Distinctive thought was too deeply entrenched in dissident cultures to be open to negotiation in coming years, when divisions within the Reformation became important. The dependence of all these suppressed communities on the text of Scripture was a thing they had in common with Luther. But their existence outside the highly structured world of institutional Catholicism was very remote from Luther’s long immersion in monastic life, which by all accounts he embraced with exceptional zeal. Communities in hiding would necessarily forgo images and sanctuaries. They would not only cease to think of these things as a part of religious experience but, as communities, would identify with secular simplicity as a setting for true worship. And they would leave very little physical evidence of their presence, except in their books.
This is perhaps the origin of the Protestant schism. Luther was intractable in his position concerning the sacrament of Communion, but this would not have been so important if the other side had not been equally intractable. Luther’s great departure from what would become majority Protestant practice and belief was his doctrine of consubstantiation, which retained for most purposes the Catholic understanding of the consecration of the elements of the Eucharist. This may sound merely technical to people unfamiliar with the terms of theological controversy, but in these terms it has been a matter of profound consequence. As a priest Luther was deeply moved, even terrified, at performing the consecration of the host, the climax of the Mass, when bread and wine were believed by him to become the actual body and blood of Christ. As a reformer he retained a version of the Mass and insisted on a “real presence” of Christ in the consecrated elements. Sacramentarians, as he called those who took exception, felt that this doctrine preserved an unacceptable difference of status between priests and laypeople, a degree of dependence on one side and authority on the other that the Reform should reduce or eliminate.

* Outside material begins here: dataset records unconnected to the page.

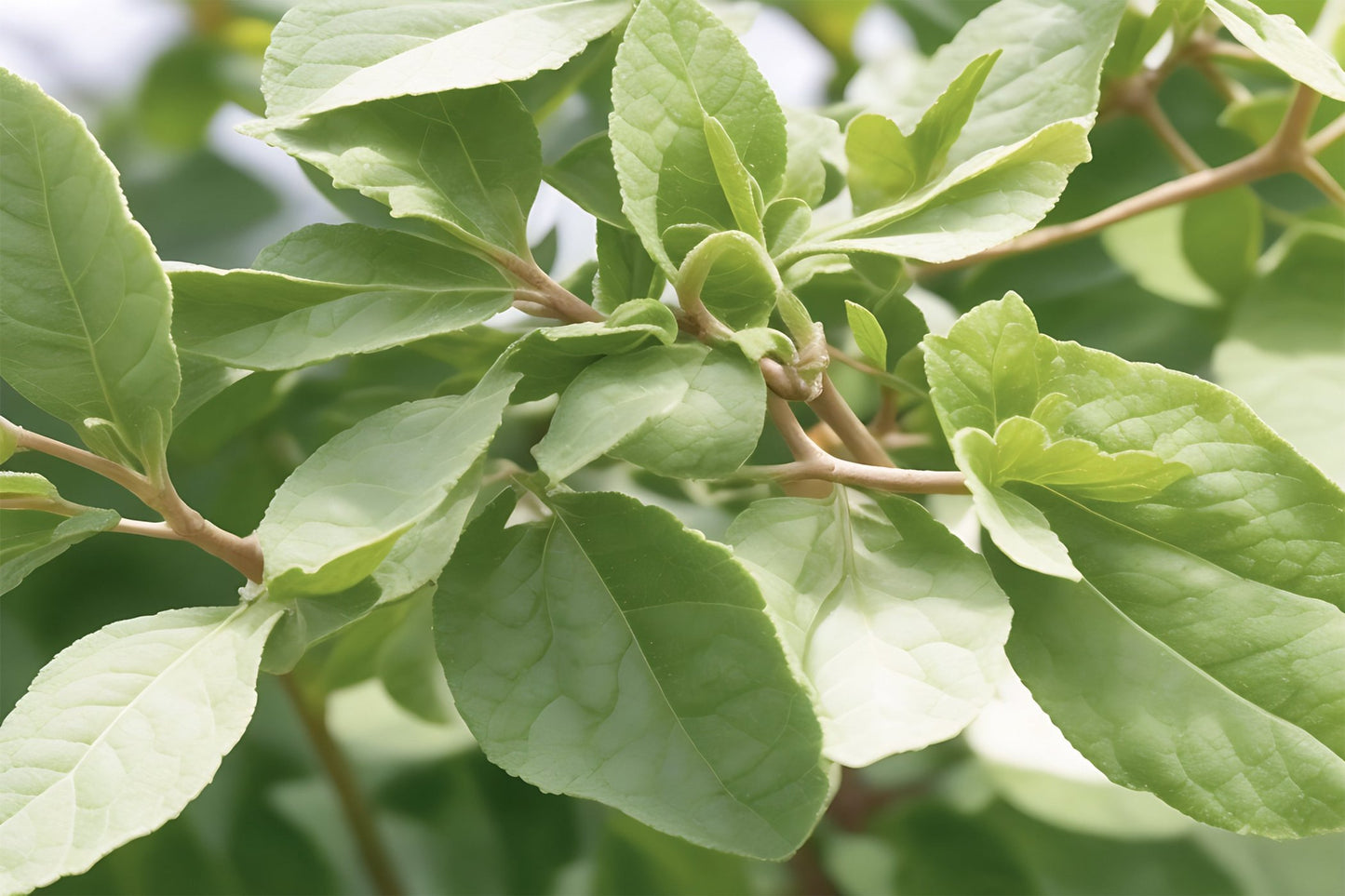 Ashwagandha Seeds (Vedic)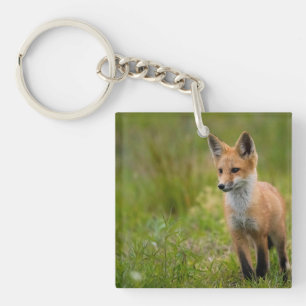 Red Fox Kit In Grassy Meadow Key Ring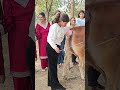 Artificial insemination training 7618200015 #ai #cow #farming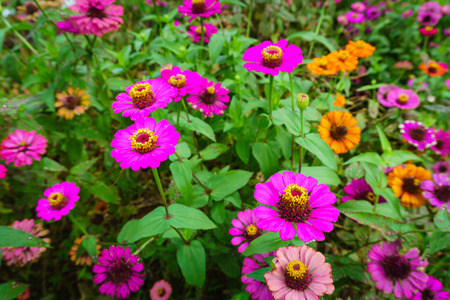 pink zinnia flower close up on green nature backgroundの写真素材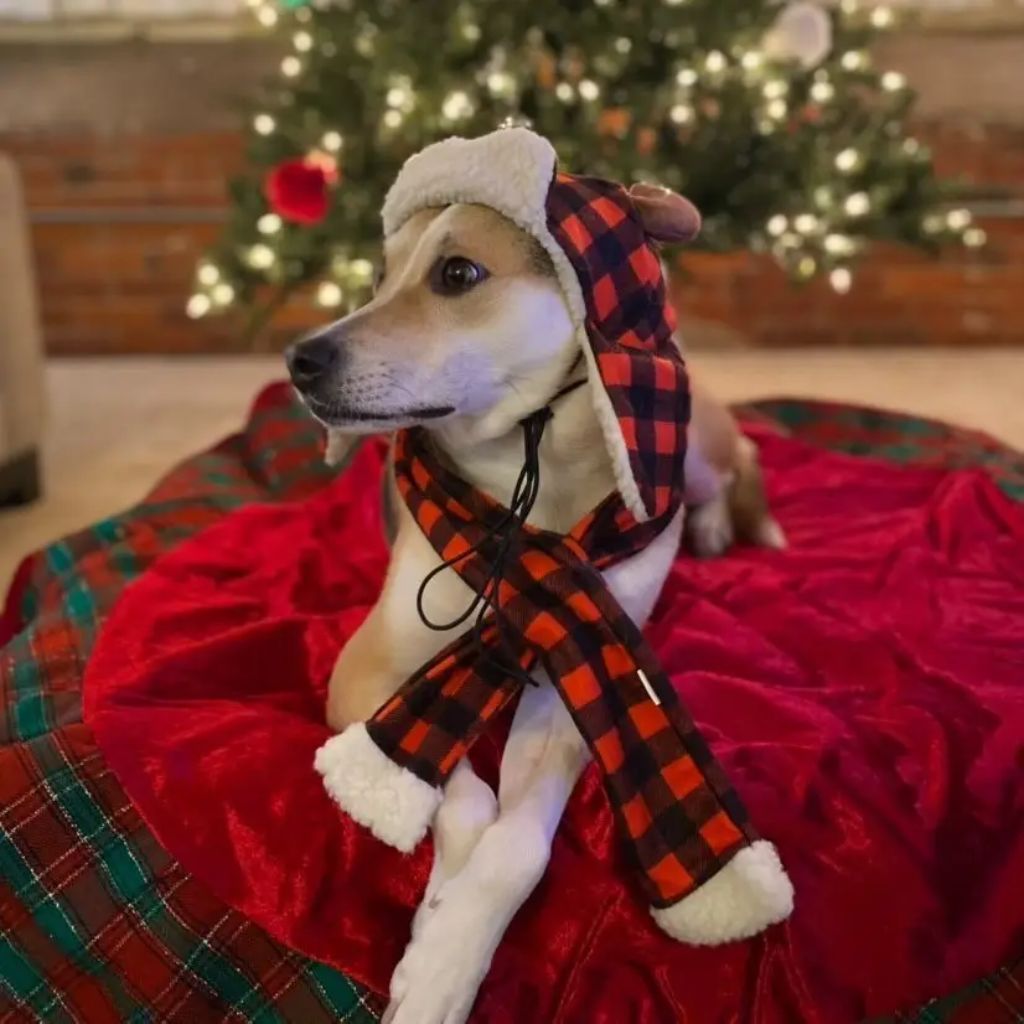 Huxley & Kent - Buffalo Plaid Hat with Antlers Snugfit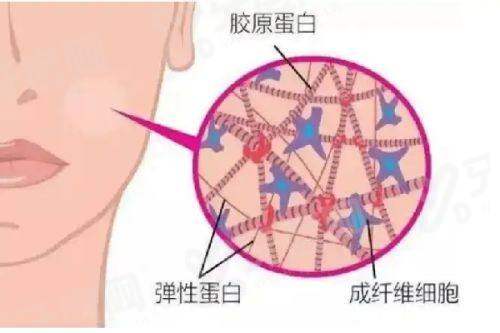 二、杭州艺星整形医院的医生团队靠谱吗?yanke.yadoo.cn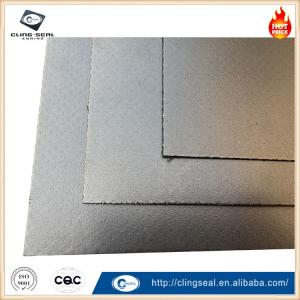 Chemical Resistant Graphite Gasket Sheets for Pharmaceutical and Biotech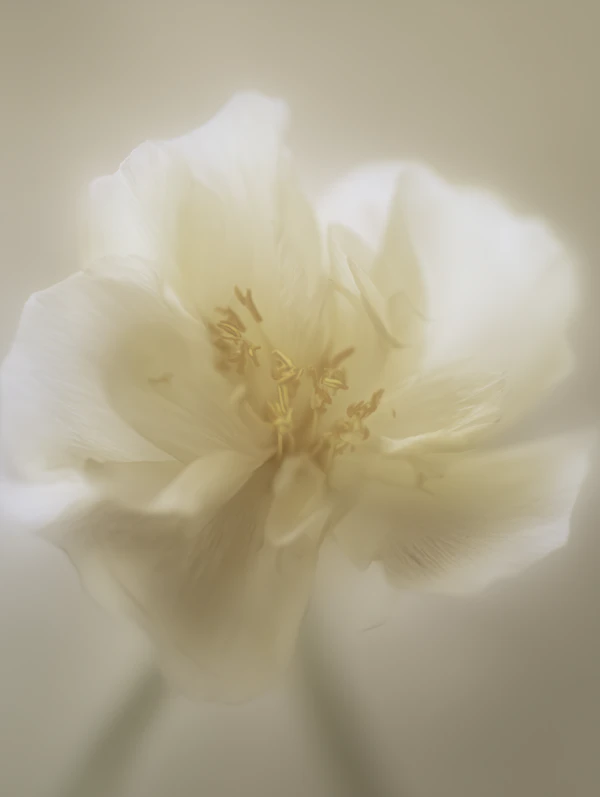 Delicate White Flower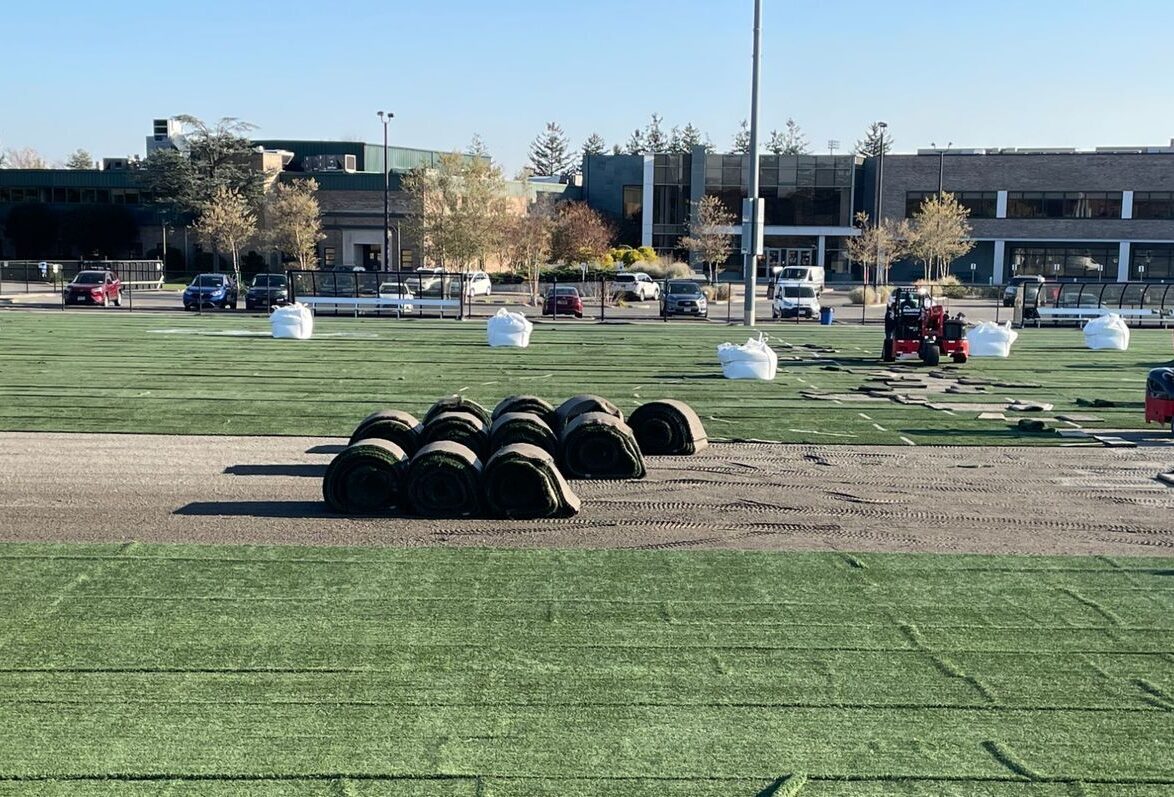hofstra university turf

Many modern readers, at the conscious level, at least, are not accustomed to the idea that the form of worship asserts a view of cosmic reality. In Catholicism, the priest is thought of as a mediator through the sacraments between God and his people. In Protestantism, no human mediation is called for because the relationship between God and the individual is thought of as direct. Of course the saints in Catholic tradition experience a direct relationship with God, and the Protestant traditions, in most instances, greatly value their two sacraments and their clergy. But the tendency in the first is to assume a cosmic hierarchy, and in the second to assert a fundamental equality of Christians before God. The distinction made here is far too simple, but it is justified historically by the importance in Protestantism and its precursors of lay preachers, sometimes including women, and of teaching and preaching in the vernacular. Their clergy were set apart from their adherents by preparation, five years of training in the case of the Waldensians, who memorized the gospels of Matthew and John as well as sections of the writings of Paul. This movement was distinguished by its radical poverty, voluntary at first, then, as it was persecuted and dispersed, as a fact of life. So the pastor and believer had poverty in common.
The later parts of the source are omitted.